Checkmate - Dorothy Dunnett [282]
‘And an open bed?’ she said. ‘And an open bottle?’ She had not changed.
‘Suppose you come in,’ he said, ‘and ask Danny and Adam if they will give me a testimonial.’
‘You don’t ask,’ she said, ‘if I can supply one.’
Then he did sigh, looking at her from the open dark eyes in which there was much dignity but no guile, alas, to match hers. ‘You know,’ he said, ‘that with or without a testimonial, you have only to come to be received.’
‘Even if I make no promises?’ she said.
‘I have learned that those, too, are pointless,’ he said simply.
*
The Cardinal of Lorraine’s first peace conference failed, and he returned to Paris with a quantity of perfumed gloves, pressed upon him by the Spanish. The release from captivity of the Constable retreated a little further into the future. The Duke de Guise’s programme for the uniting of the largest army ever mustered by any monarch was tackled by all concerned with exemplary vigour.
During the third week in May, the meadows beyond the Faubourg St Germain in Paris, normally the after-supper pleasance of students, were occupied by an orderly procession of four thousand Protestants singing Lutheran psalms interspersed with anti-Papal invective. In the course of their march, which led them after dark into the city and down the rue de St Jacques, they took with them for protection several companies of horsemen and many on foot with concealed weapons. The composition of the procession was extremely mixed, being drawn from noblemen, plebeians and artificers and men of every kind and condition, as well as from women and children. They were not stopped.
The following night they repeated the performance, this time to an immense crowd of spectators. On the third night, a proclamation was issued forbidding the gathering, and when it was ignored, the city gates were closed against them at dusk.
Even then, there was no disturbance. The concourse of ten thousand persons spent the night in the houses of the suburb, or strolling through the meadows in the pleasant mild air, re-entering the town in the morning. On subsequent nights they did the same but omitted, with belated tact, the ballads against the Vatican.
An account of the disturbances being sent to the Court, the Cardinal de Sens, the spiritual Primate of France, issued a severe proclamation in the King’s name to prevent further such demonstrations, and by offering rewards for information, succeeded in arresting some hundred persons of no great consequence who had taken part in the singing. Among them were a number of tutors and other officials from the University colleges.
Because of the nature of the times and the danger of civil war, great discretion was used in the case of a number of great persons who openly favoured Calvinism and were known to have attended. The King of Navarre, who had been present only, he pointed out winningly, as an interested bystander, was questioned none the less by the King and by the Cardinal.
François de Coligny, sieur d’Andelot, recently back in Paris after securing the Brittany ports against threat of English invasion, was less fortunate, as it happened, in his perfumed handshake.

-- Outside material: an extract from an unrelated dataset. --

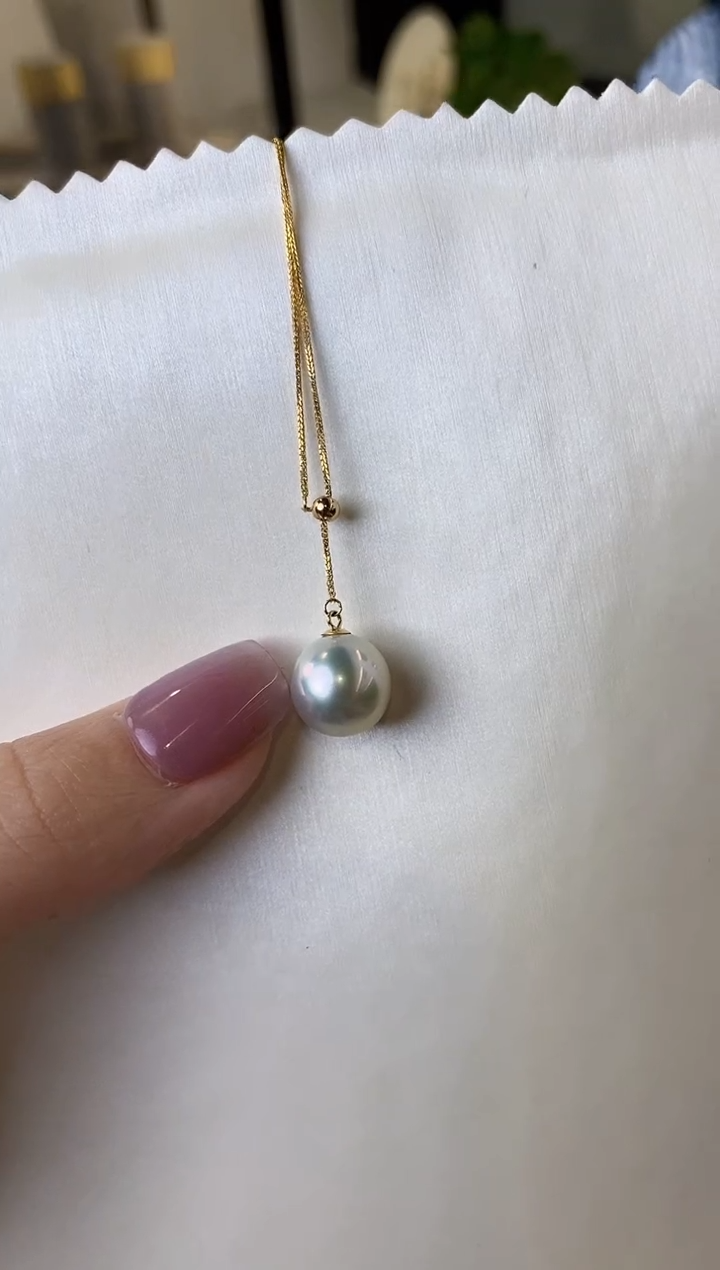 【闪购商品】海水珍珠项链18K金镶嵌10-11海水珍珠项链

He had been seen to attend the demonstrations. He had also, so the Cardinal was able to show, sent for Geneva books during his recent captivity. The King, who was fond of him, regretfully summoned him to face his questions, and went so far as to have him warned in advance of their content. A simple lie, there was no doubt, would have saved him. But confronting the King at his supper, the sieur d’Andelot merely replied, with strong rectitude and no sense of discretion that, while owing the French King his absolute devotion, his soul belonged only to God, and lit by the torch of the Evangile, he approved the doctrines of Calvin and thought Mass a horrible profanation and an abominable invention of mortals.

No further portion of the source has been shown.